[Short web captions]
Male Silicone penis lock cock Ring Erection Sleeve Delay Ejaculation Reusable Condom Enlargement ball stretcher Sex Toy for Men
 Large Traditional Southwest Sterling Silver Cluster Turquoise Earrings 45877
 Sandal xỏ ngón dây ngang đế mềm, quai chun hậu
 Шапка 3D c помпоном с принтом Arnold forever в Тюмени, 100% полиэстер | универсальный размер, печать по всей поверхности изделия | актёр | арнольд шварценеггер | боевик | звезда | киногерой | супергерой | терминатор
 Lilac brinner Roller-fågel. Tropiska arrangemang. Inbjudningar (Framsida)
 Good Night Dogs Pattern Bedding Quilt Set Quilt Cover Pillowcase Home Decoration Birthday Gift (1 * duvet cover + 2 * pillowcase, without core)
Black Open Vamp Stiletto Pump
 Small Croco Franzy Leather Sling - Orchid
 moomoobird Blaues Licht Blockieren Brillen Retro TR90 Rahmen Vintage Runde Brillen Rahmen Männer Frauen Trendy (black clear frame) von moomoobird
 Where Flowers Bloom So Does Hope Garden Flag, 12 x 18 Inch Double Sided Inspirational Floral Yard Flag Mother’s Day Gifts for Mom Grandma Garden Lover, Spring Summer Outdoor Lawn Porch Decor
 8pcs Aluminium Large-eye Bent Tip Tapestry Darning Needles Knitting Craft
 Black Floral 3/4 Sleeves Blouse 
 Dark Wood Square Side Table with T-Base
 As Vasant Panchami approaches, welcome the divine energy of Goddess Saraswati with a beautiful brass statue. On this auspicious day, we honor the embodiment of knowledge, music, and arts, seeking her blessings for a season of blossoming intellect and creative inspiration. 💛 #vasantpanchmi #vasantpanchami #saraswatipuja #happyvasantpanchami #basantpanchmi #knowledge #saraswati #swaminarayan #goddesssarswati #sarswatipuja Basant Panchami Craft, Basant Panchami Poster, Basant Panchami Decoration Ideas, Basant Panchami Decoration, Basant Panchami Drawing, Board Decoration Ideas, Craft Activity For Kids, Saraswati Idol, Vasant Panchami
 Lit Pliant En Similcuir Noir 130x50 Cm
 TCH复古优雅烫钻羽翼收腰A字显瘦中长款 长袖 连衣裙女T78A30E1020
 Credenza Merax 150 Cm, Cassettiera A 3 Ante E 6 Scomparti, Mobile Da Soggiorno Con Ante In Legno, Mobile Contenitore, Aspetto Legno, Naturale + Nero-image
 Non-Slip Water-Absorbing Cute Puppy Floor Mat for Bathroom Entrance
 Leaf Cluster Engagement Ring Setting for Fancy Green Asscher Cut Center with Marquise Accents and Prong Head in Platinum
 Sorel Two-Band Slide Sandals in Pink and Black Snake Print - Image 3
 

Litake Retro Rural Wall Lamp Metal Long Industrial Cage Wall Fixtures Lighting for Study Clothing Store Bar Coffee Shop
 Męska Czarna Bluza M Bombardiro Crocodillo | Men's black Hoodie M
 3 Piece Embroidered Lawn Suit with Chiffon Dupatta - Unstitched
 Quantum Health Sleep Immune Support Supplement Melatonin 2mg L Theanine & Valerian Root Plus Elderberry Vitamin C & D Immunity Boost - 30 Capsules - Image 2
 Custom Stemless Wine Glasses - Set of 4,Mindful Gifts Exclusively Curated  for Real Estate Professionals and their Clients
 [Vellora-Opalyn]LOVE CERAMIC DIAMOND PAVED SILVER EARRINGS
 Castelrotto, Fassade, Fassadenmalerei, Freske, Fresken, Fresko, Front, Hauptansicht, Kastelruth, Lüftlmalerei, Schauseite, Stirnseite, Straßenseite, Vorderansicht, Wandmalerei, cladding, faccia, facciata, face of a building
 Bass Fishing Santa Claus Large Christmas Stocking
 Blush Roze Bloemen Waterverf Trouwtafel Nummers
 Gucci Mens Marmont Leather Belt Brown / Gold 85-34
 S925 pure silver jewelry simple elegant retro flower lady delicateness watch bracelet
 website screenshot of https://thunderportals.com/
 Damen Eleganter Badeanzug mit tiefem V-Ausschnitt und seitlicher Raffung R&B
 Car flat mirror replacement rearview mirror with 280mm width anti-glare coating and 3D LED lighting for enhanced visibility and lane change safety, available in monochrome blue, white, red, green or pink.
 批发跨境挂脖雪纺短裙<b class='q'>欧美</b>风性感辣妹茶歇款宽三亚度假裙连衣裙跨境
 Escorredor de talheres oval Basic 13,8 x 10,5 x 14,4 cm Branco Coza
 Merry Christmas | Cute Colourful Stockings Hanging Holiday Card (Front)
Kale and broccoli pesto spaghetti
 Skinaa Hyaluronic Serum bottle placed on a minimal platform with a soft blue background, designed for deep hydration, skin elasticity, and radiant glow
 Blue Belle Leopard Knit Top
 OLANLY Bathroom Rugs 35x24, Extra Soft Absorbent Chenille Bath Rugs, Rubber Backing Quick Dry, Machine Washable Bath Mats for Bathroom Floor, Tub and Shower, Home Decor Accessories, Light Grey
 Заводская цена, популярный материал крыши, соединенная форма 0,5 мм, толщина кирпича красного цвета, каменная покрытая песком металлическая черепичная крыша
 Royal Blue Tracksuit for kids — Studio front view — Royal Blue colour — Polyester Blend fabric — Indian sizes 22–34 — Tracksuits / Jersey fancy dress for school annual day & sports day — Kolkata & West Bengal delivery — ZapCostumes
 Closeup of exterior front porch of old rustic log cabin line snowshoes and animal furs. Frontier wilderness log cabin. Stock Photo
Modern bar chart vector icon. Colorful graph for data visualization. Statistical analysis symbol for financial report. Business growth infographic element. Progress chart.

DIRECTIONS FOR THIS TASK: From the records above, quote only the lines running from the line with "Quantum Health Sleep" to the line with "of a building", both lines included.

RESPONSE:
 Quantum Health Sleep Immune Support Supplement Melatonin 2mg L Theanine & Valerian Root Plus Elderberry Vitamin C & D Immunity Boost - 30 Capsules - Image 2
 Custom Stemless Wine Glasses - Set of 4,Mindful Gifts Exclusively Curated  for Real Estate Professionals and their Clients
 [Vellora-Opalyn]LOVE CERAMIC DIAMOND PAVED SILVER EARRINGS
 Castelrotto, Fassade, Fassadenmalerei, Freske, Fresken, Fresko, Front, Hauptansicht, Kastelruth, Lüftlmalerei, Schauseite, Stirnseite, Straßenseite, Vorderansicht, Wandmalerei, cladding, faccia, facciata, face of a building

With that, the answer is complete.